Identity politics run amok: City government schedules segregated 'sacred conversations'

Via the Twitter feed of Prof. Darel Paul. 

This is straight-up racism, of course. Notice that they have segregated meetings using that weird Ta-Nehisi Gnostic terminology (“for Black Bodied Staff” and “for White Bodied Staff”). Get this — it’s sponsored by the Minneapolis City Government! I would love to know how many taxpayer dollars the professional grievance grifters got to stage these rituals (“sacred conversations”) — which were canceled at the last minute after controversy erupted. The Minneapolis Star-Tribune reports:

Minneapolis Civil Rights Director Velma Korbel, who wasn’t involved in the planning, said the discussions were meant to be part of a long-running effort to address racial equity in city government and services such as development, transportation and housing.

“It was never our intent to exclude or marginalize anybody in the city,” she said. “What’s lost is the understanding that not everybody is in the same place in these issues.”
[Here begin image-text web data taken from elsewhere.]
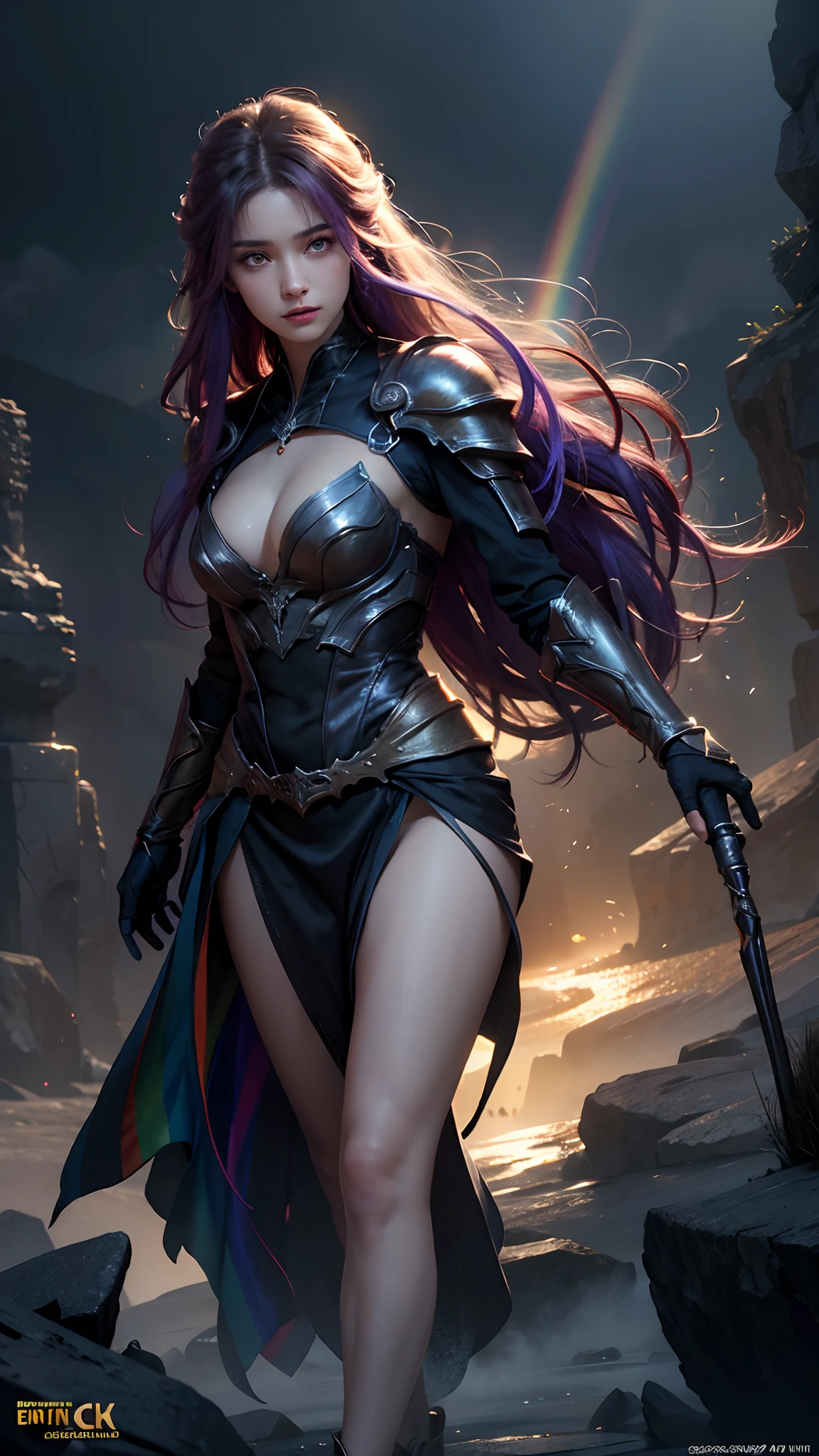 4k, fantasy art, photo realistic, dynamic lighting, artstation, poster, volumetric lighting, very detailed faces, award winning, 1girl, deep shadow, beautiful shot, rainbow dress, long hair, rainbow hair, beautiful background, whole body capture, attractive pose,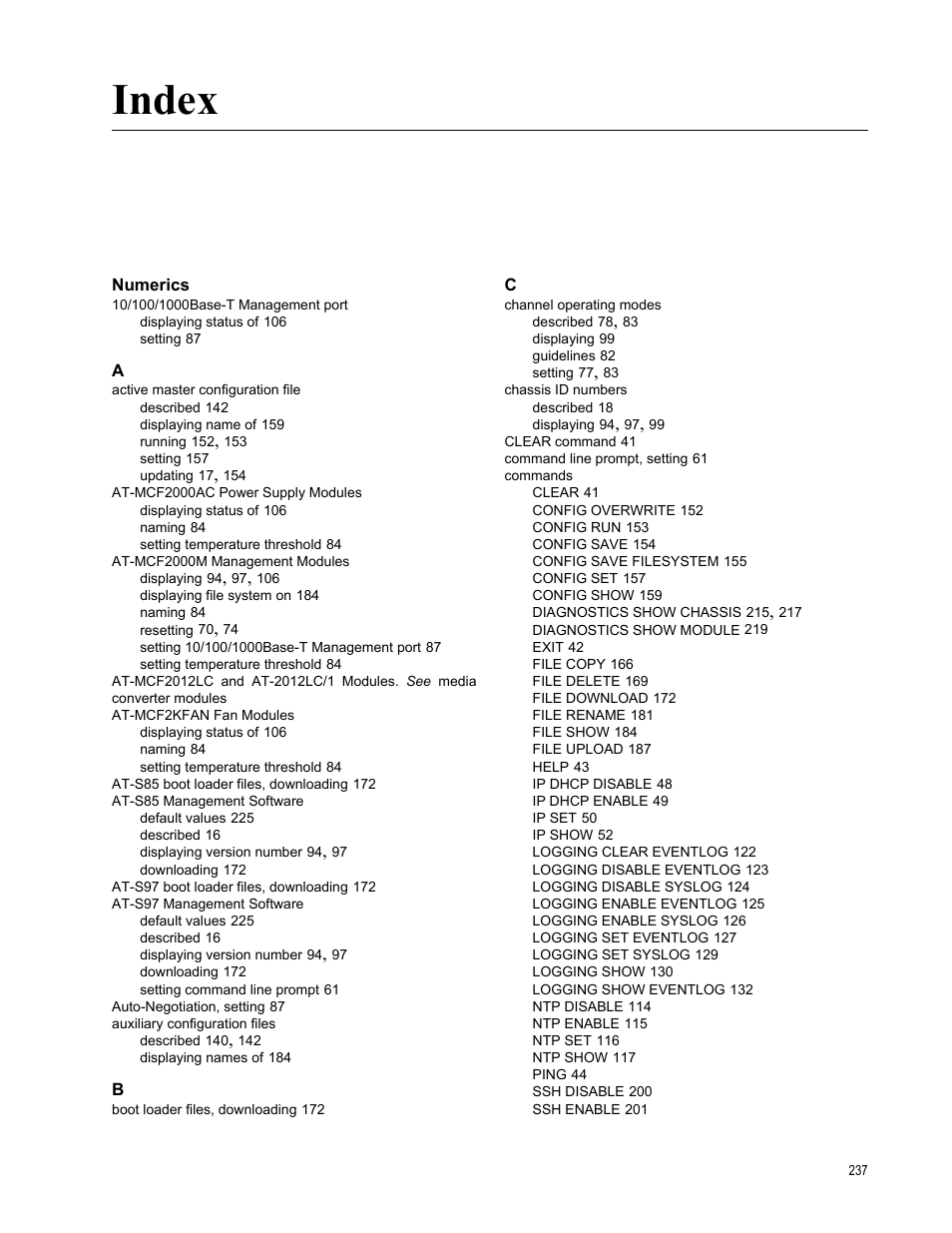 Index, Numerics | Allied Telesis AT-S97 User Manual | Page 237 / 242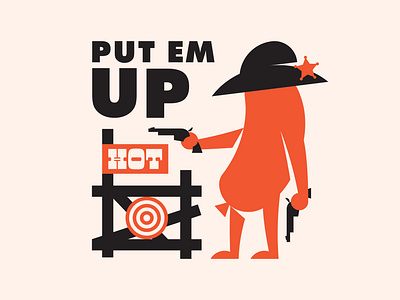 Put Em Up branding bullseye food hot illustration sausage sheriff western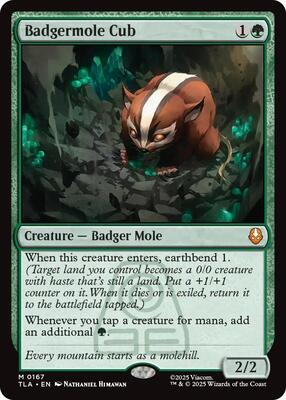 Magic: The Gathering,Avatar: The Last Airbender,Badgermole Cub - 167,Normal,Mythic,Moderately Played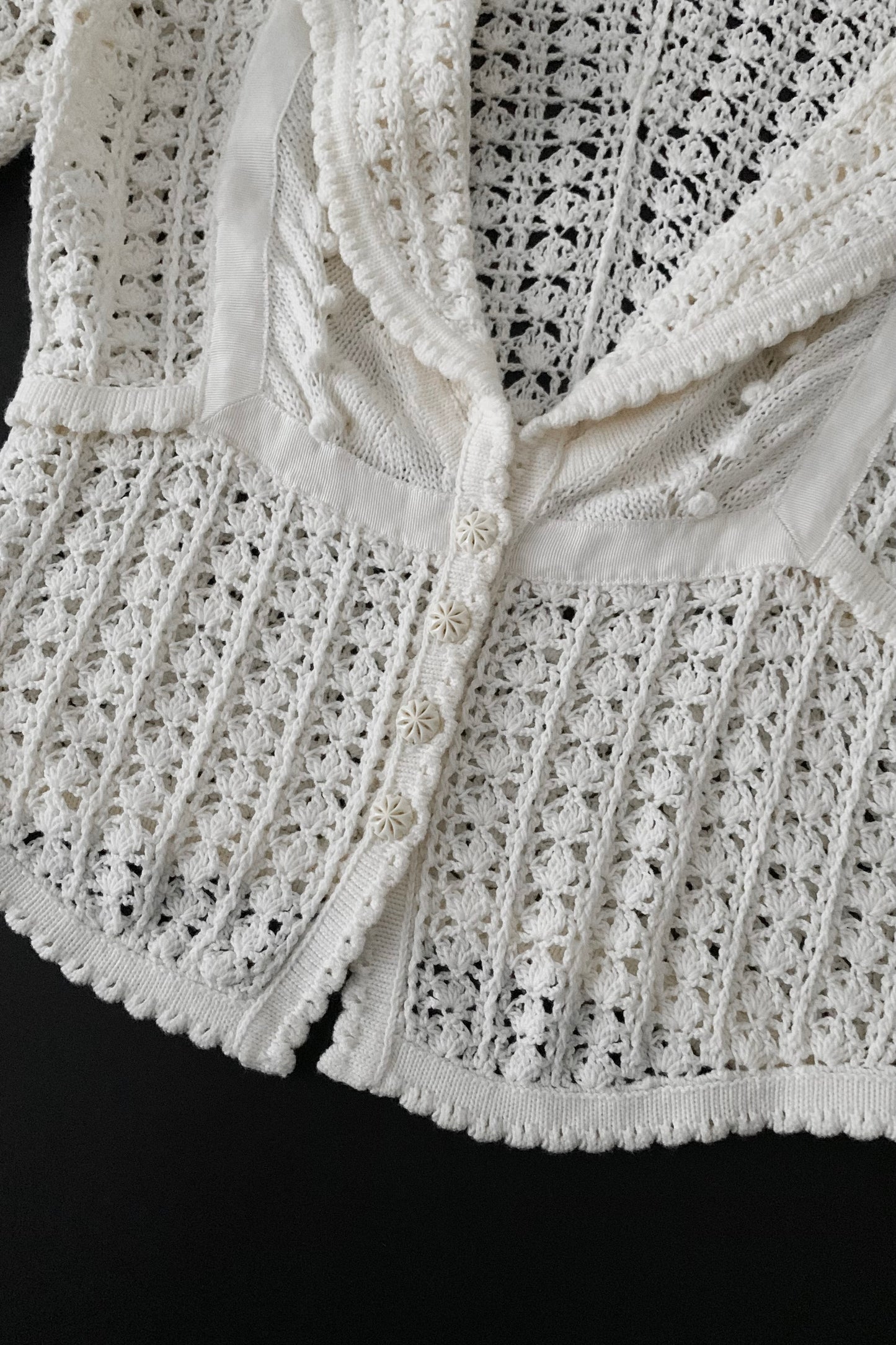 JILL STUART cream crochet cardigan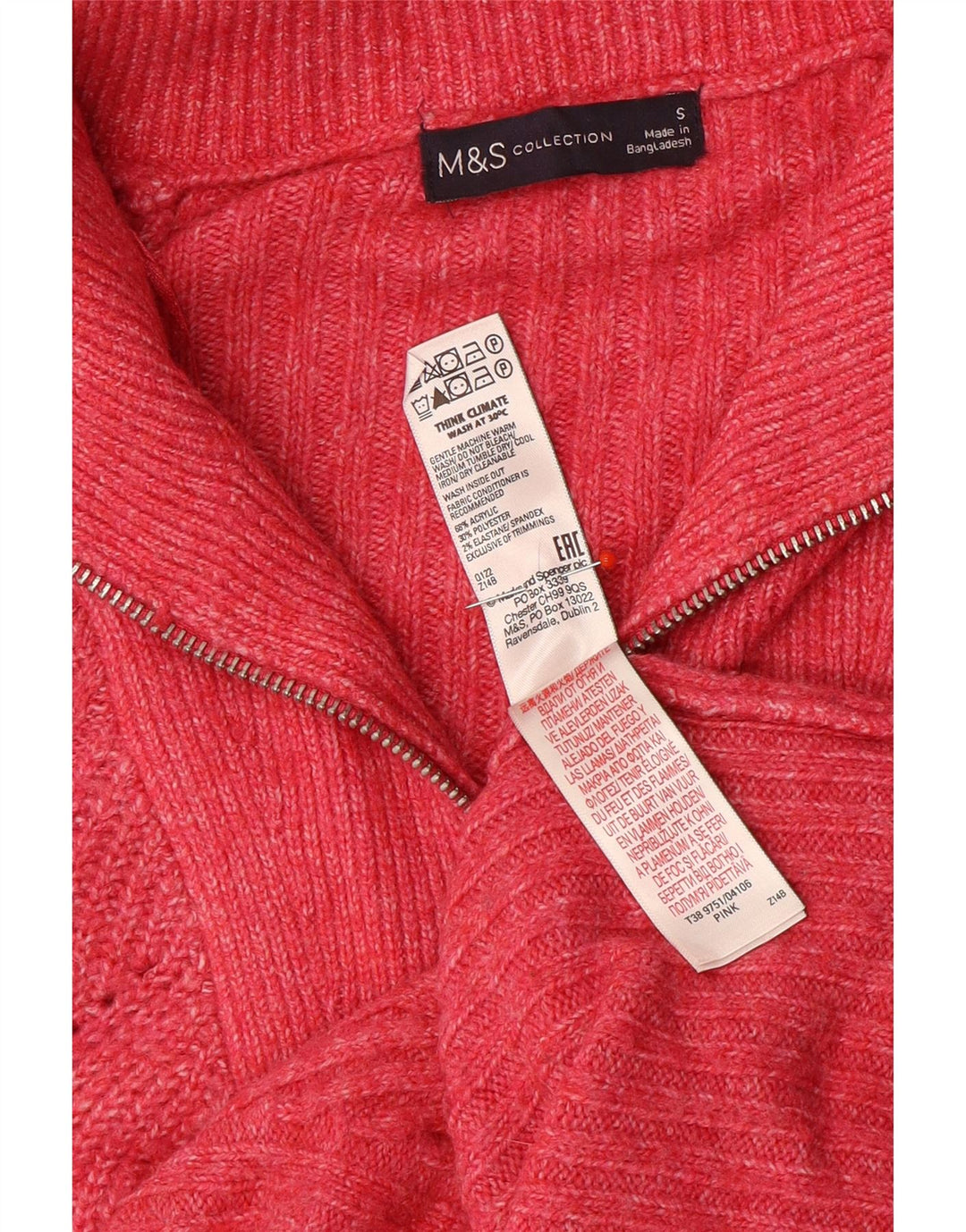Maglione da donna Marks & Spencer con collo lungo e zip, UK 10 piccolo rosa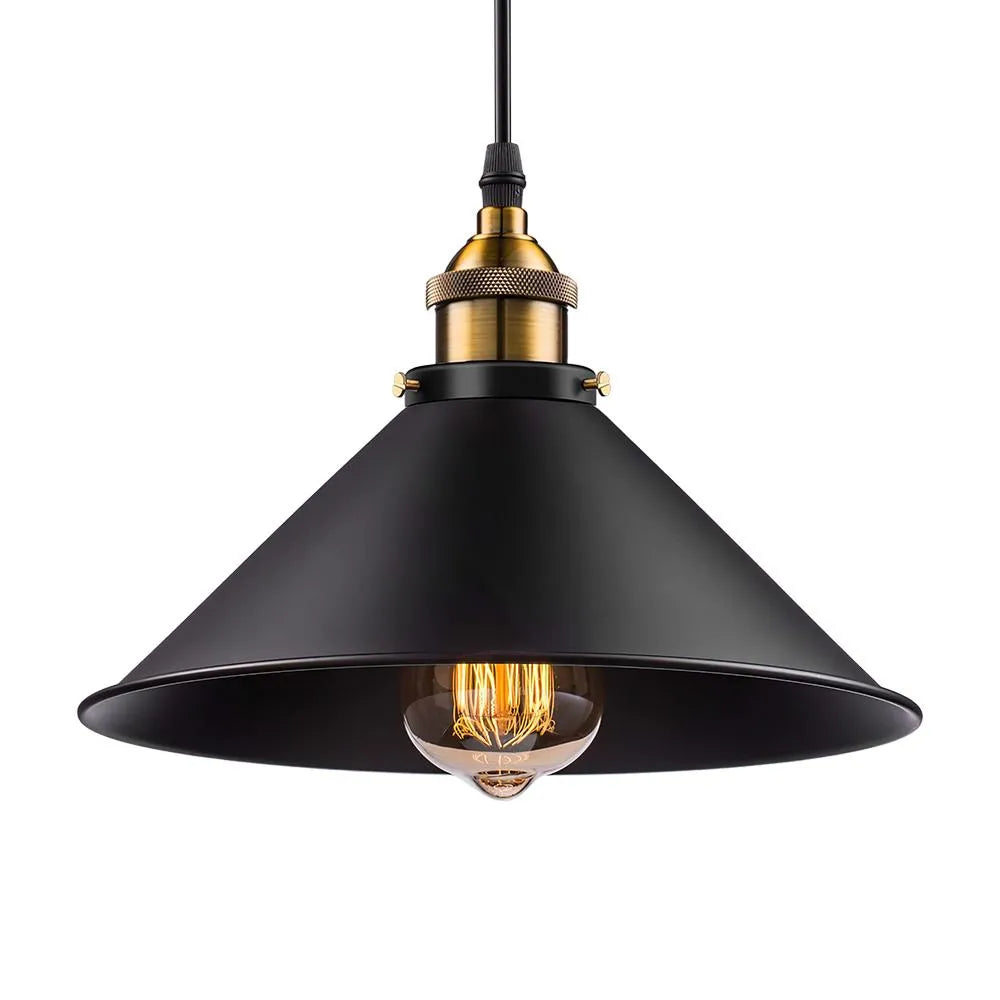 Paloma Industrial Brass-Accent Metal Cone Pendant Light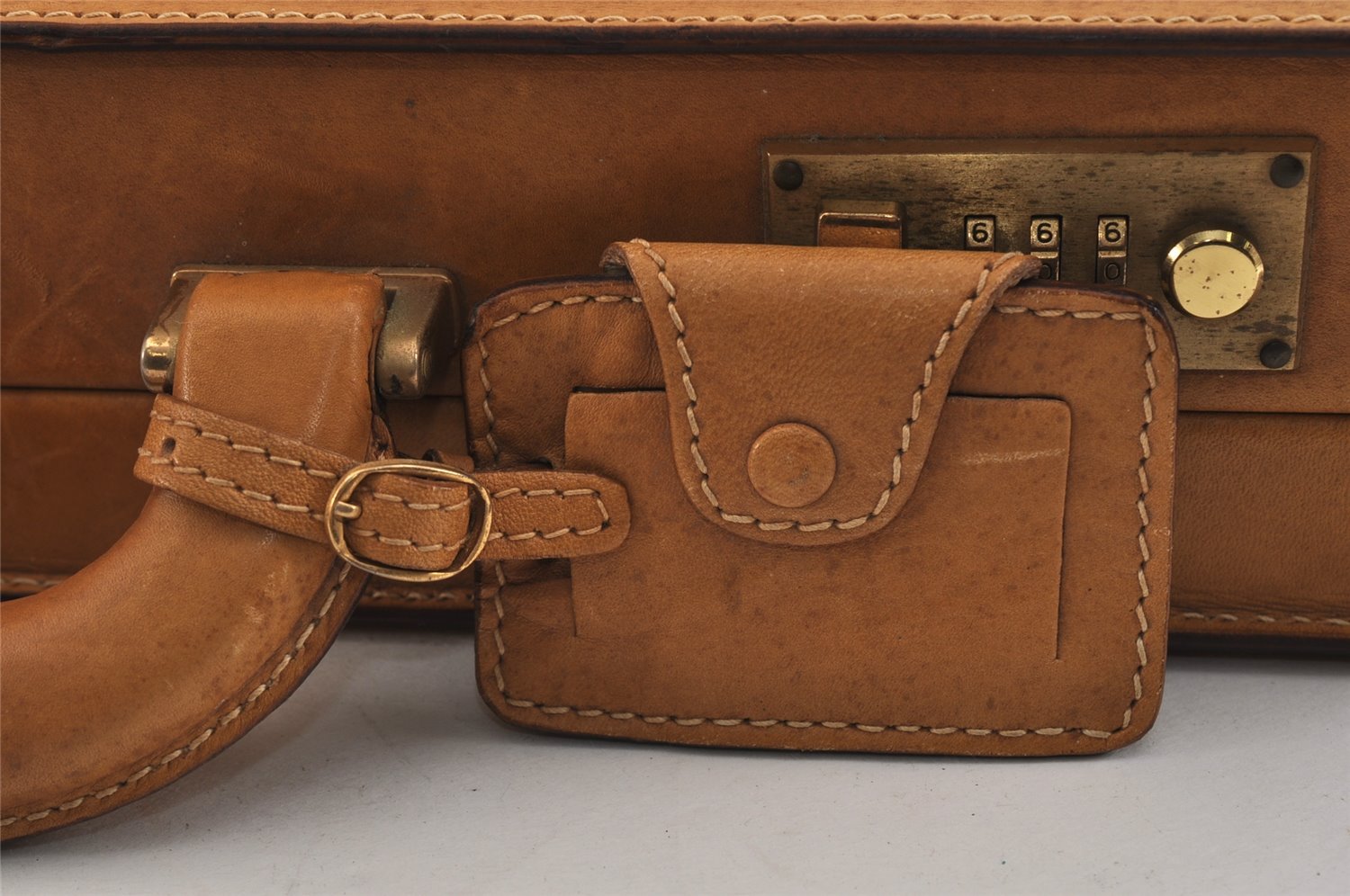 Authentic GUCCI Vintage Micro GG PVC Leather Attache Trunk Case Brown 9595J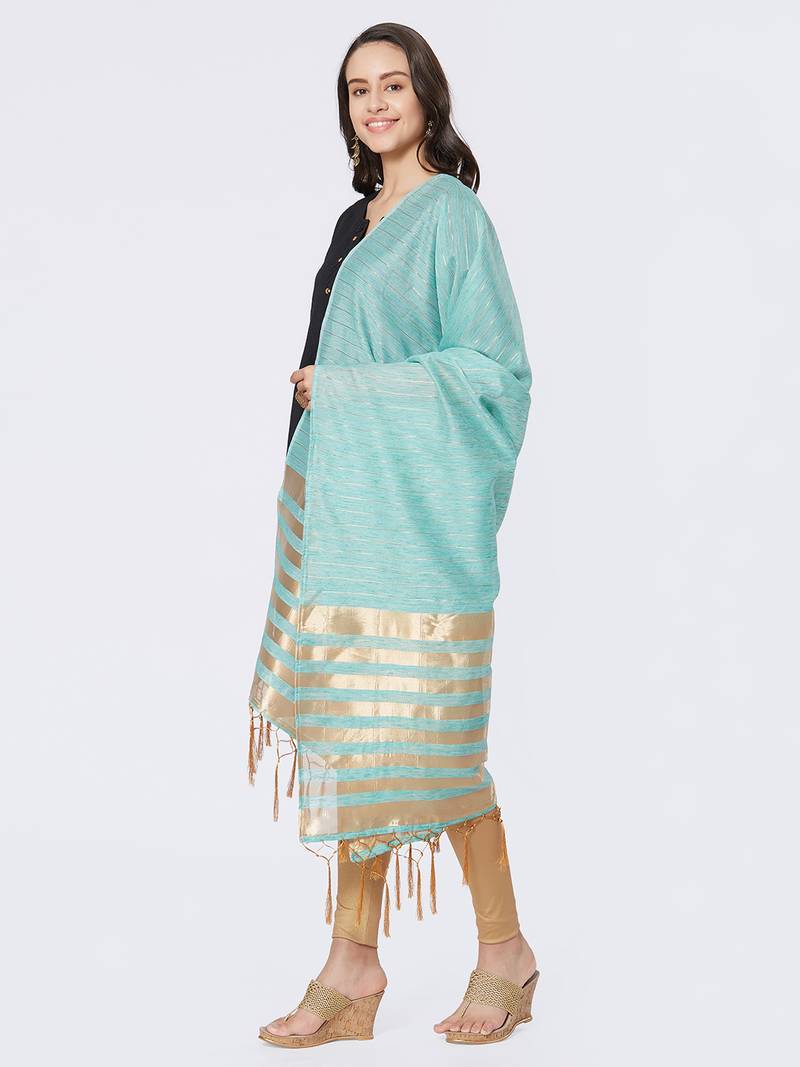 Green Cotton Woven Dupatta for women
Steven Belton, Minneapolis Urban League President and CEO, said he believed that separate sessions for black and white people would be productive. Belton, the husband of Sharon Sayles Belton, Minneapolis’ first female and black mayor, said race was the issue of the 21st century, paraphrasing Malcolm X.

“If we’re honest about our personal experiences, we talk differently when we’re in the room with people that look like us,” he said.

But Mitch Pearlstein, founder and senior fellow at the Center of the American Experiment, called the sessions another example of the absurdity of “identity politics” in Minneapolis.

“I rarely have confidence discussions about race will be productive,” he said, adding that he believes discussions usually result in people who agree getting a room and saying the same things to each other.

“Most likely people who might offer unorthodox views don’t show up,” he said.

As to the notion of separate rooms for black and white staffers, Pearlstein said that someone would “have to go well out of your way to find something that open to parody.”

Minnesota is famous for its slave plantations, naturally.